Franklyn Lisk, an Economist with 45 years of academic and policy experience, is currently Professorial Research Fellow at Centre for the Study of Globalisation and Regionalisation (CSGR), University of Warwick, UK, where he specialises in the international political economy of African development and is also the ‘Africa Lead’ for the university’s Global Research Priority Programme on International Development.
Outside Warwick, Professor Lisk acts as Special Adviser on Policy to former President of Nigeria, H.E. Olusegun Obasanjo, and is a Senior Associate of the Center for Research on Political Economy (CREPOL) which is based in Dakar, Senegal. He is also an honorary visiting Professor in Health Economics at the University of KwaZulu-Natal in Durban, South Africa.
In addition, he regularly provides technical advice on development strategy and policy issues to various UN development organisations, multilateral and national and donor agencies, and African regional institutions and governments. Before joining Warwick University in 2006, he was at Stellenbosch University in South Africa for a year as a visiting professor, and prior to that spent three decades with the Geneva-based International Labour Organisation (ILO) where held key positions including Senior Economist, Regional Adviser on Employment Planning and Policy for the Caribbean, Deputy Regional Director for Africa, Director of ILO Liaison Office in New York and Special Representative to the UN and the Bretton Woods institutions, and founding Director of the ILO Global Programme on HIV/AIDS and the World of Work.

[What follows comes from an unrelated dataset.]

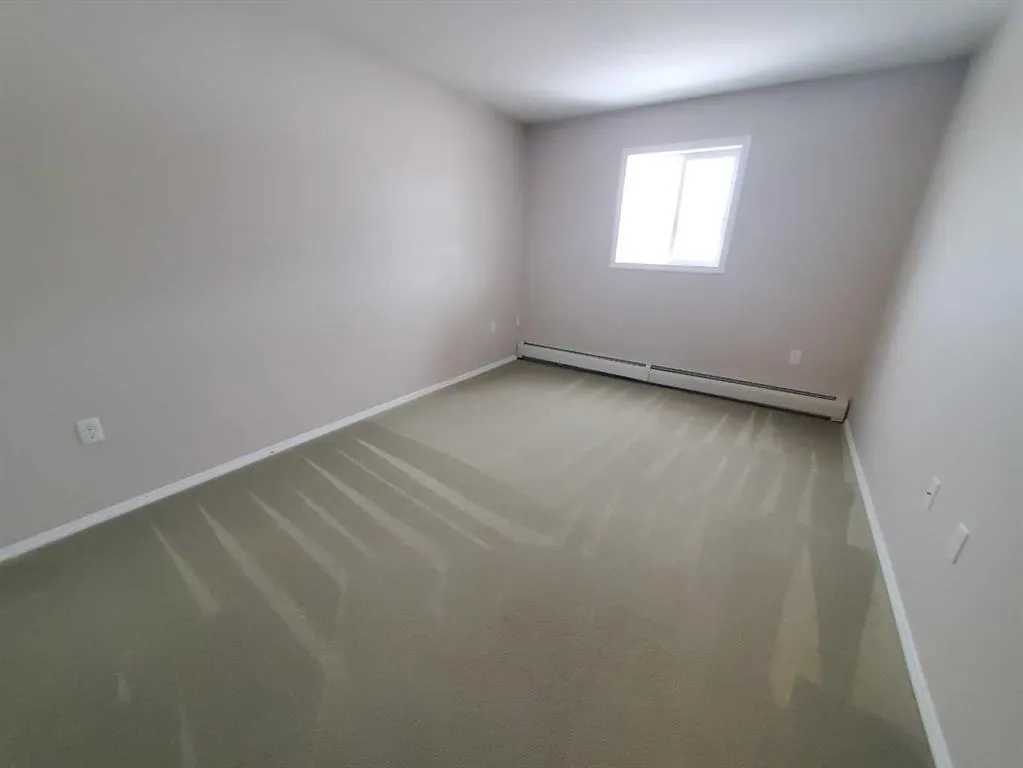 1615 41 Street, #411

He has published widely on national and international development and globalisation policy issues including global health governance and health sector development, employment promotion and labour market policies, poverty reduction and sustainable development strategies, China-Africa relations, natural resources management and climate change. He holds a PhD in Economics and West African Studies from the University of Birmingham, UK, where he also lectured in development economics in the early 1970s.